I'm not just saying that the cutscenes are boring because I hate cutscenes (though I do, as you know), but because they are the most lifeless, generic gangster nonsense you can imagine. None of the characters have any personality and nothting in the story is remotely interesting. Or maybe I've just been spoiled by the incredible story and characters in the Yakuza games (I know it's not fair to keep comparing them like this, but it's also very hard to avoid). The combat is also unexciting. You get a simple punch combo, which you can end with a kick, and you also get throws, which are so short range and slow that you'll probably never get one to actually connect.
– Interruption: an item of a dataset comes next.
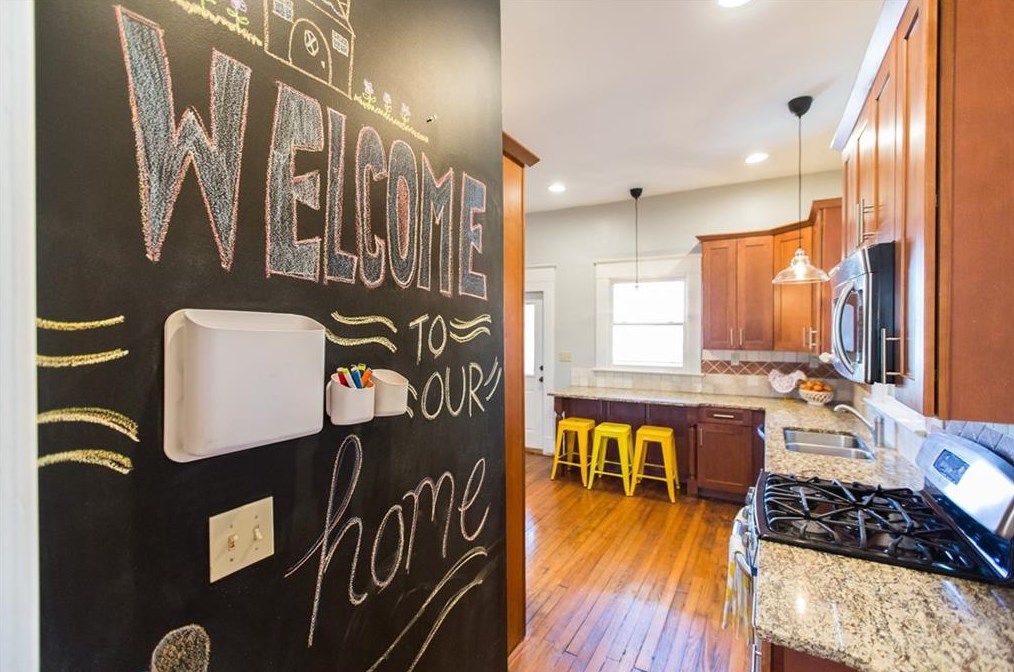 302 Lk Dr, Decatur GA 30030-3528 exterior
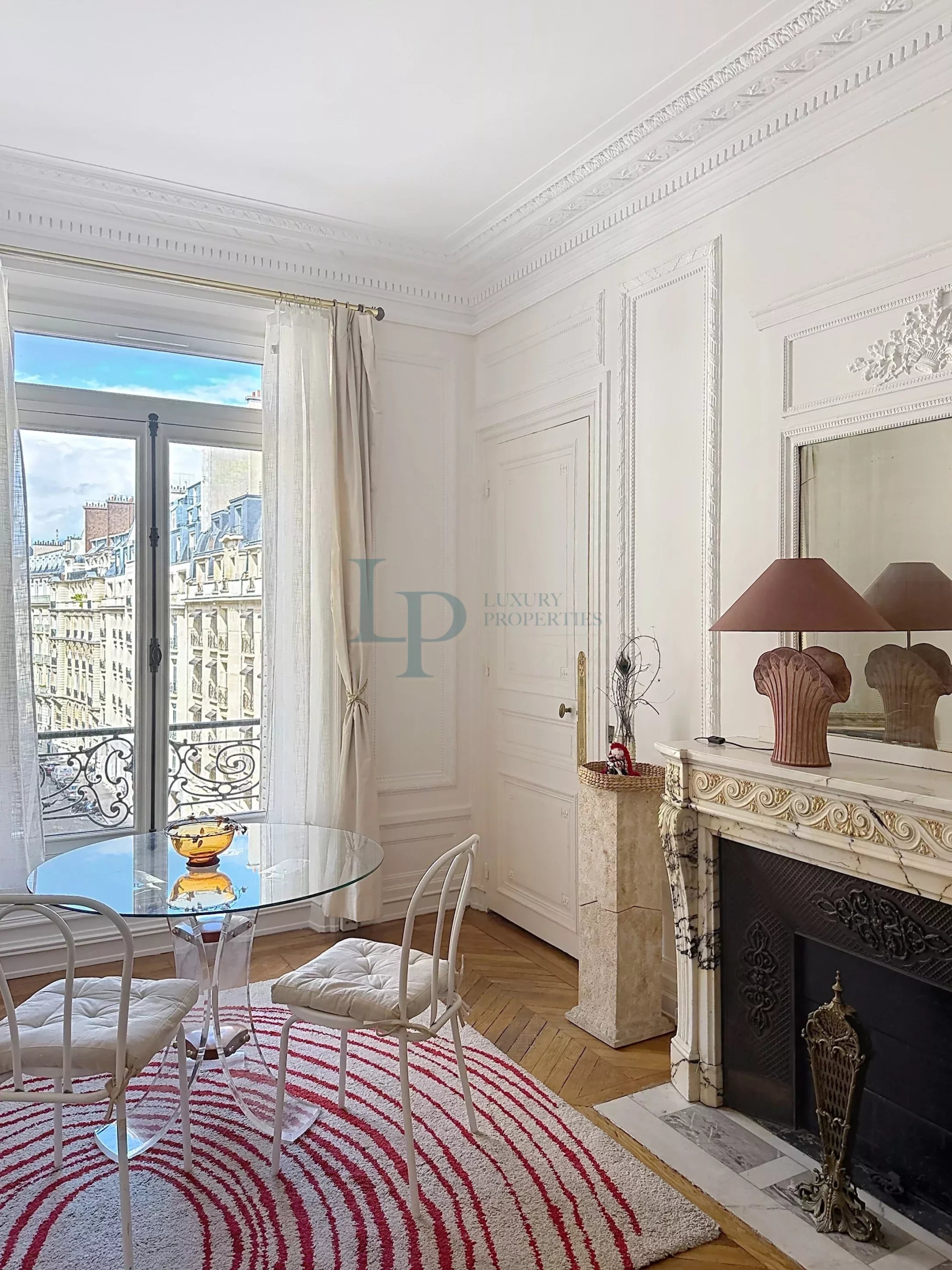 EXCLUSIVITÉ – PARIS VIII – APPARTEMENT 6 PIÈCES – 3/4 CHAMBRES –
I hate being so negative when reviewing a game, but Yakuza Fury is just an incredibly bland nothing of a game, that's not even bad in an interesting or unique way. It's just plain old mediocre tedium. Don't play it.

Thursday, 22 March 2018

Punch the Monkey - Game Edition (Playstation)

This game's got a pretty strange title, but it's there for a reason, as it's a pretty strange idea. Punch The Monkey was an album released in 1998 which featured a bunch of remixes of songs from the various animated adaptations of Monkey Punch's universally-beloved character Lupin III, and this is a videogame adaptation of that album, released in 2000.
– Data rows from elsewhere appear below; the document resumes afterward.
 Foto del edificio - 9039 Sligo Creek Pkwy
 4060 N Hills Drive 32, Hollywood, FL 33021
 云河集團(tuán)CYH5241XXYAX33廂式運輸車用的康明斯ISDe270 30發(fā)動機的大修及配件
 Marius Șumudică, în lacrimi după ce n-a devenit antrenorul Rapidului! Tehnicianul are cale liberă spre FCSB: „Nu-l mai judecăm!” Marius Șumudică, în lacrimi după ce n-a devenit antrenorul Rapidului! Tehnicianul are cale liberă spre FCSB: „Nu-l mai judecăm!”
Of course, it's a rhythm game, and it's an incredibly simple one at that: the song plays, an animated FMV is shown in the middle of the screen, and Playstation face buttons travel across the bottom of the screen. In the middle of the screen at the bottom, there's a little crosshair, and when a button reaches it, you press the button. There's also a set of colours at the top of the screen, showing how well you're doing, ranging from red (the worst) to blue (the best). At certain points in the song, if you're not in green or blue, you fail and have to start again. It's so simple, it's the kind of thing that you'd see as a minigame in an RPG or something, rather than its own whole game.
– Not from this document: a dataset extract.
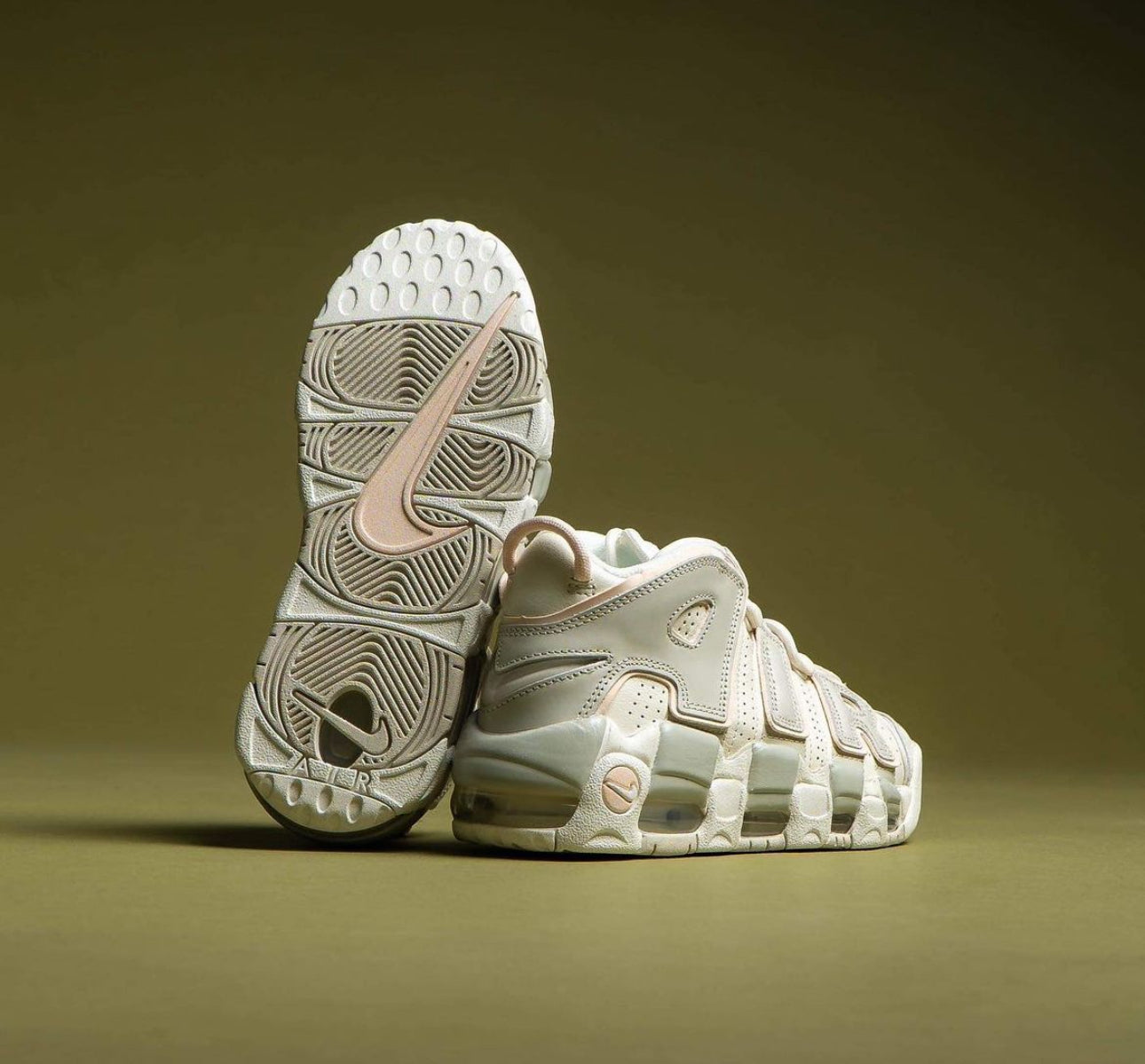 Air More Uptempo 96 Sail Guava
Simple doesn't mean easy, though, and it took me about six attempts to get past the first stage. It seems that this is a question of balance, rather than overall difficulty, though, as I breezed through the next few stages without problems. There are some other odd decisions besides the stage order, too, like how you don't actually get to hear most of the songs you're meant to be playing along with, as your button presses all make very loud noises that drown everythig else out, from bullet ricochets on some stages, to doorbells and animal sounds on others. Interesingly, the general presentation of the game is very much a part of a certain aesthetic things in the late 1990s/early2000s had when they were cashing in on 1970s nostalgia. Some of the fonts and swirly background patterns seen at certain points in this game are very reminiscent of the UK VHS and DVD releases of the 1970s Japanese TV show  Monkey/Saiyuuki that came out at around the same time.

Unfortunately, there isn't much more to be said about the game itself, though. There are apparently a series of minigames, unlocked by completing the main game on all difficulties but the easiest, and through those minigames, FMV clips can be unlocked to watch at your leisure, but it's just not worth playing through such a simple and unengaging main game. So all I have left is this little bit of trivia: it was developed by the company Kaze, who I associate more with their two excellent pinball games on Saturn, Last Gladiators and Necronomicon. Two years later, they also released Akira Psycho Ball, a very experimental and strange pinball game on PS2, which, like this game, was licensed from a popular classic anime, and also featured heavy use of FMV clips in little windows. How interesting!